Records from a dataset
——————
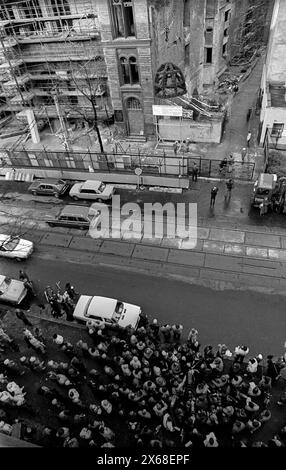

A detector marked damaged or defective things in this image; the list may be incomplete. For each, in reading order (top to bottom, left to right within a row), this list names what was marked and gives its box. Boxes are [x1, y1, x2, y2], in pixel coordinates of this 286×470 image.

damaged building facade [0, 0, 256, 144]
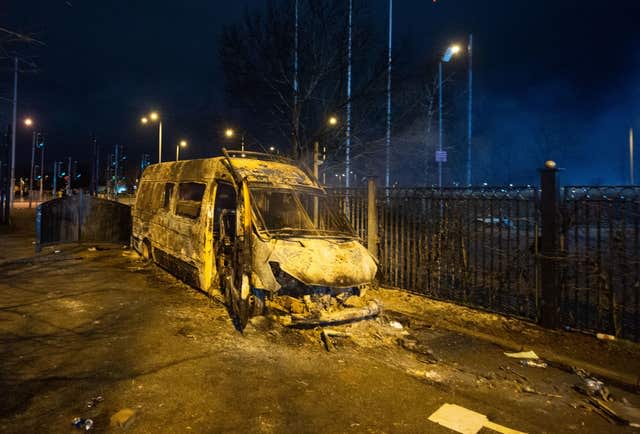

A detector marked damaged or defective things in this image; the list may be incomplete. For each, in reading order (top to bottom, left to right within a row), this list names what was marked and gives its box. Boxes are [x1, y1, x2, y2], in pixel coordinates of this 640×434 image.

burnt out van [131, 150, 380, 328]
burnt van chassis [131, 150, 380, 328]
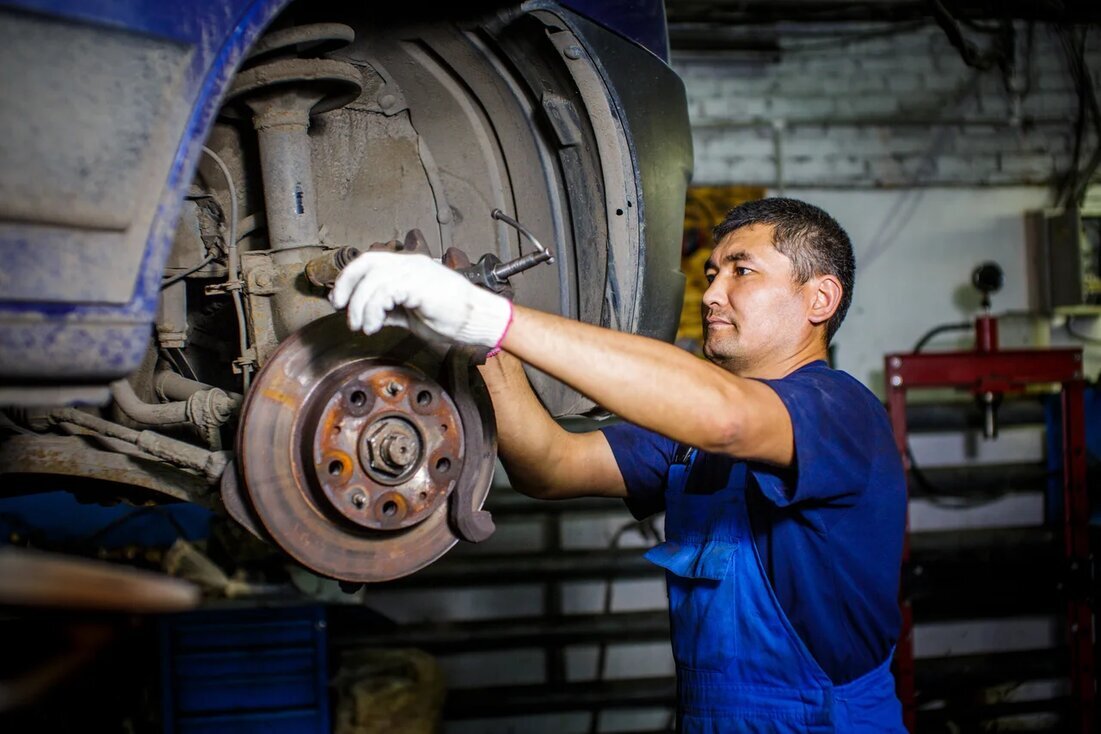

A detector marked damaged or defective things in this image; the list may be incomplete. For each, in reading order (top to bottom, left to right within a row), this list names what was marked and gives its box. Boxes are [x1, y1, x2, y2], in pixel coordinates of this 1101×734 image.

corroded metal [236, 314, 496, 584]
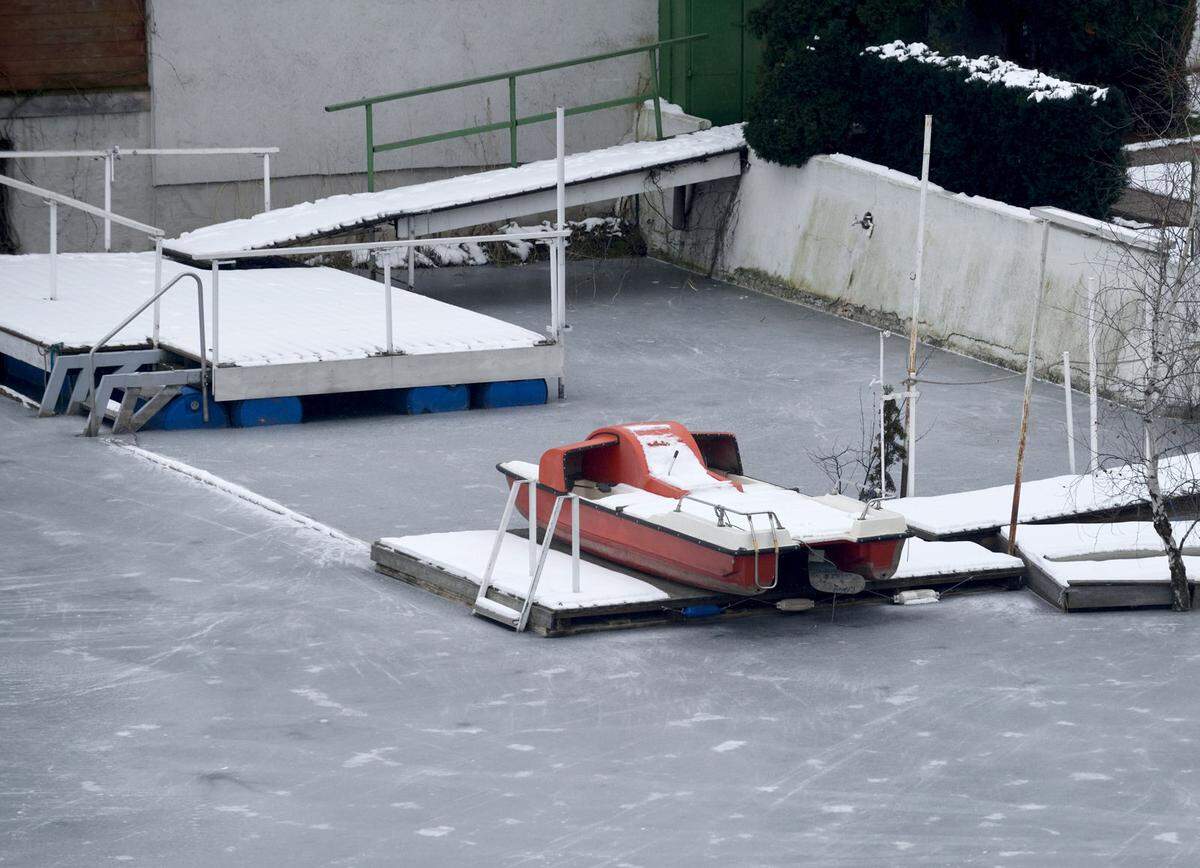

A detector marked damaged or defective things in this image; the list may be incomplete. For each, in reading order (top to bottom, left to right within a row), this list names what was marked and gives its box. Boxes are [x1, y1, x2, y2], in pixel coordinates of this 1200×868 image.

rusty metal pole [1008, 220, 1046, 552]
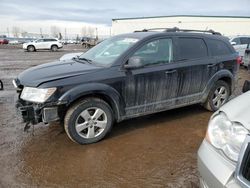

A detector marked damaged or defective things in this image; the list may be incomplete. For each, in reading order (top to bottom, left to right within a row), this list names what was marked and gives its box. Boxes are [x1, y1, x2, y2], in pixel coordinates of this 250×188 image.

damaged front bumper [15, 98, 63, 125]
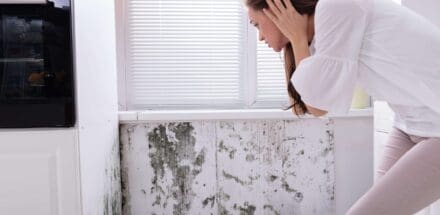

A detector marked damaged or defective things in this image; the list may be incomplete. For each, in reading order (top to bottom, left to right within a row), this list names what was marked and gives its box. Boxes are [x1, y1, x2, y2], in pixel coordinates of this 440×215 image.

damaged wall [119, 118, 340, 214]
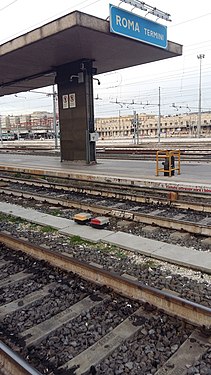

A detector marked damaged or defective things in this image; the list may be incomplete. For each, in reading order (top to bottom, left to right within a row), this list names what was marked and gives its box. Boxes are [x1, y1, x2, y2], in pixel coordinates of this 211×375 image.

rusty rail surface [0, 232, 210, 328]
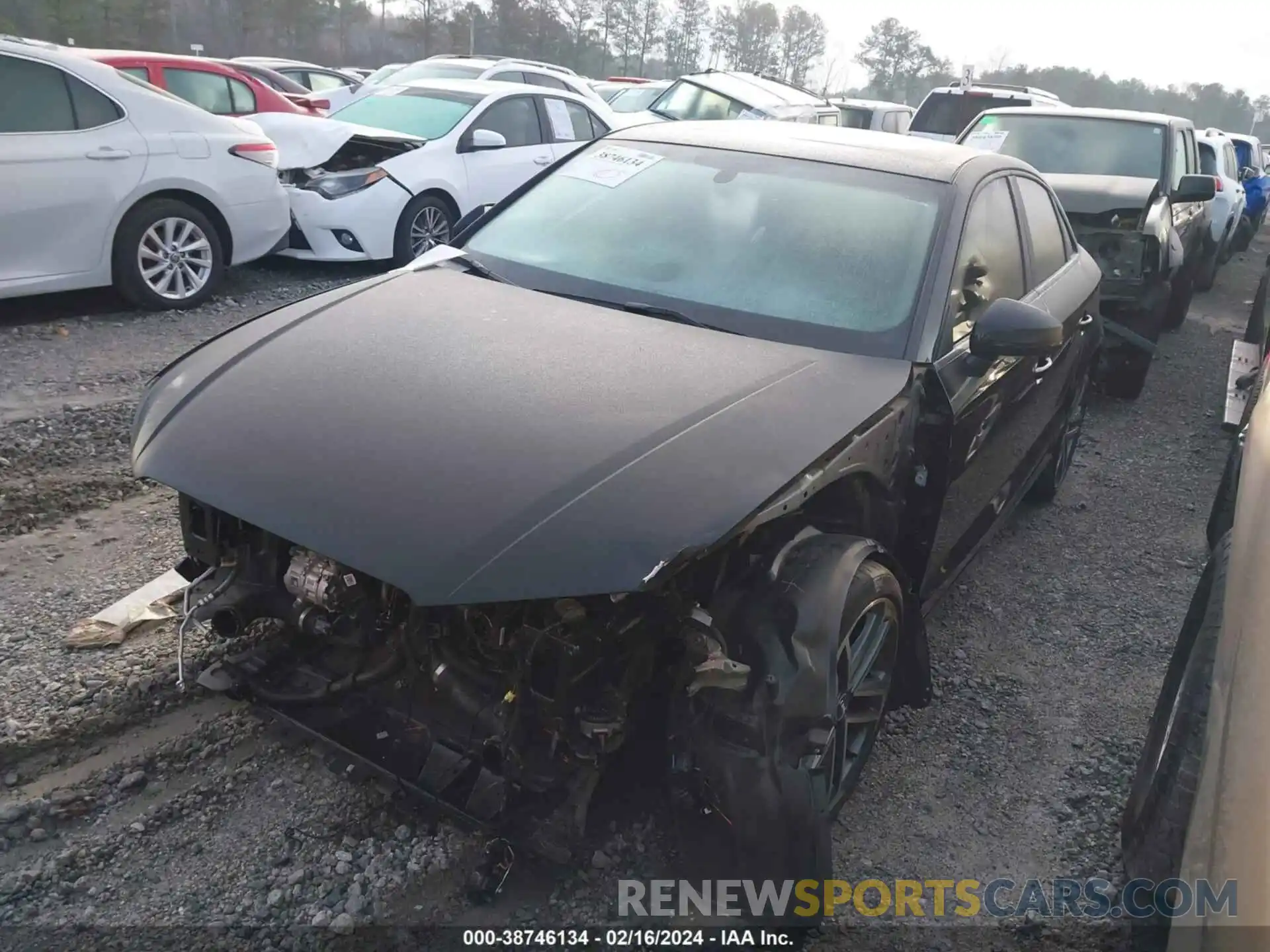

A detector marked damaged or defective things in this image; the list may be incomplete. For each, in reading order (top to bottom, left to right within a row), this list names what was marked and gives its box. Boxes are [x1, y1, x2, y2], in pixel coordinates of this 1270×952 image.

damaged white car [251, 77, 624, 262]
damaged black audi sedan [131, 119, 1102, 889]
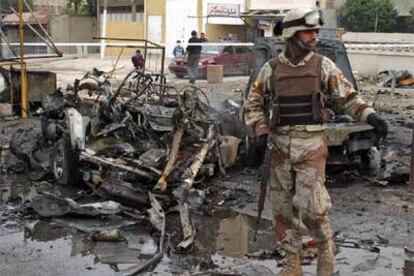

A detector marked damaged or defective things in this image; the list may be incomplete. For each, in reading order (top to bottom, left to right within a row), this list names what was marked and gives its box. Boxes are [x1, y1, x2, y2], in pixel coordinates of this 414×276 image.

crumpled metal sheet [31, 193, 122, 217]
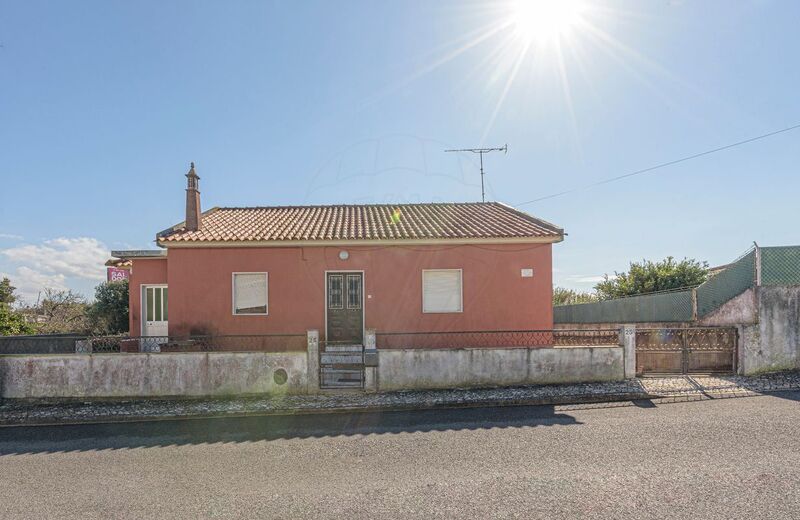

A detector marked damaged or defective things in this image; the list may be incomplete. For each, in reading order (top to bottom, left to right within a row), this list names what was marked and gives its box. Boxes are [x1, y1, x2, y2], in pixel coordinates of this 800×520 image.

rusty metal gate [636, 328, 736, 376]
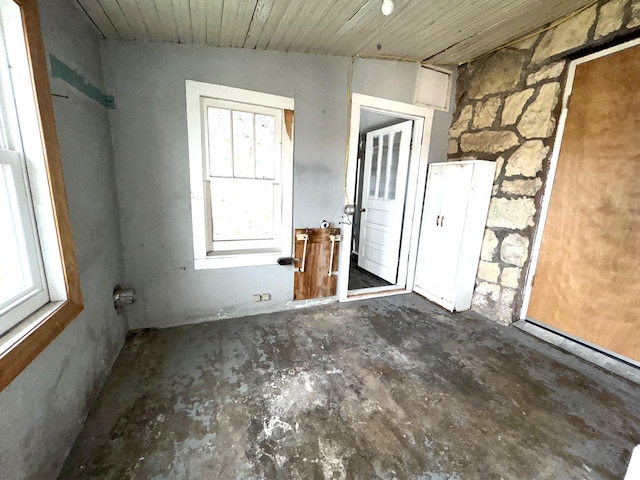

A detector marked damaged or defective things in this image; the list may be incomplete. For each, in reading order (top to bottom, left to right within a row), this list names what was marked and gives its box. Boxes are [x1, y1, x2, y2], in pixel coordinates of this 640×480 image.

cracked concrete floor [58, 294, 640, 478]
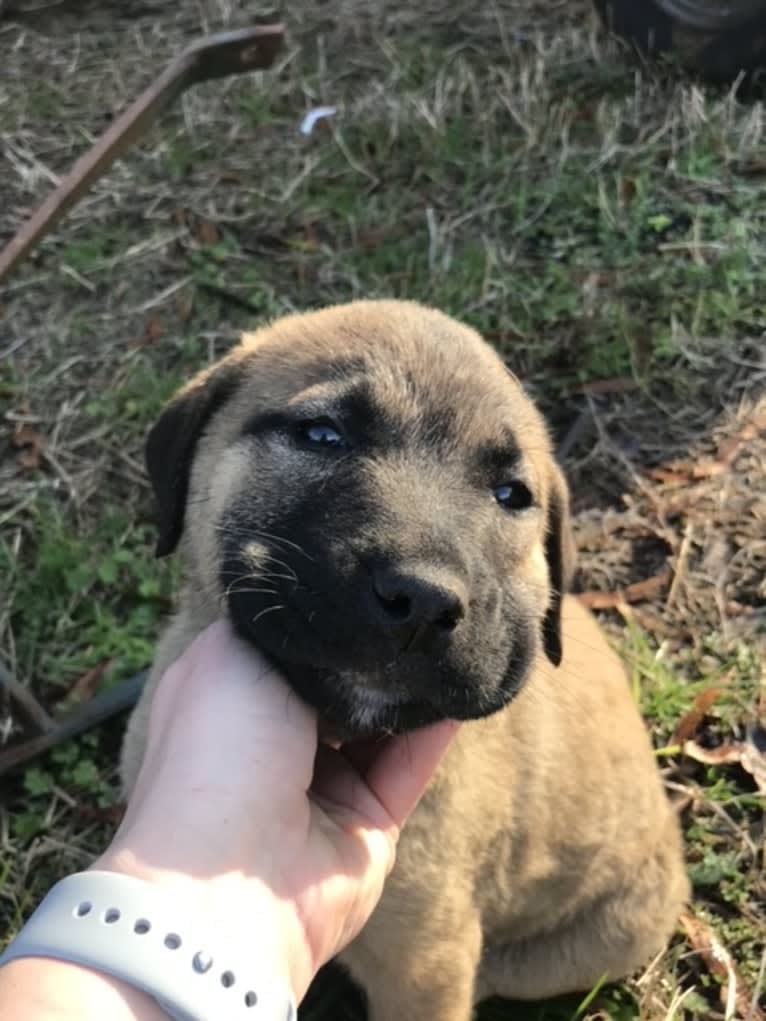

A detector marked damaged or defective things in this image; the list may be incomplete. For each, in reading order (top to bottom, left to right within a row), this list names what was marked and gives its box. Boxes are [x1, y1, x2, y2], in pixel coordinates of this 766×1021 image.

rusty metal bracket [0, 24, 285, 287]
——————
» **EXERCISE DETAILS**
Write out each line exactly, from the one containing "this 414×276 image." through the end of the entries, and skip the pictures.

» **RESPONSE**
A detector marked damaged or defective things in this image; the list may be incomplete. For each, in reading order (top to bottom, left to right within a row), this list names what was marked and gives its box. Boxes are [x1, y1, x2, y2], in pixel coordinates of this 414×276 image.

crumpled metal sheet [31, 193, 122, 217]

A detector marked damaged or defective things in this image; the list may be incomplete. For each, in reading order (top to bottom, left to right within a row), this list names what was marked and gives its box. Boxes are [x1, y1, x2, y2], in pixel coordinates of this 800×520 image.

rusty metal gate [636, 328, 736, 376]

A detector marked damaged or defective things in this image; the list may be incomplete. For each, in reading order (top to bottom, left to right within a row), this list names what was marked and gives its box. Boxes are [x1, y1, x2, y2], in pixel coordinates of this 640×480 image.

cracked concrete floor [58, 294, 640, 478]

A detector marked damaged or defective things in this image; the list may be incomplete. For each, in reading order (top to bottom, left to right within a row), this list names what was marked and gives its box. Boxes are [x1, y1, x2, y2], in pixel coordinates of this 766×1021 image.

rusty metal bracket [0, 24, 285, 287]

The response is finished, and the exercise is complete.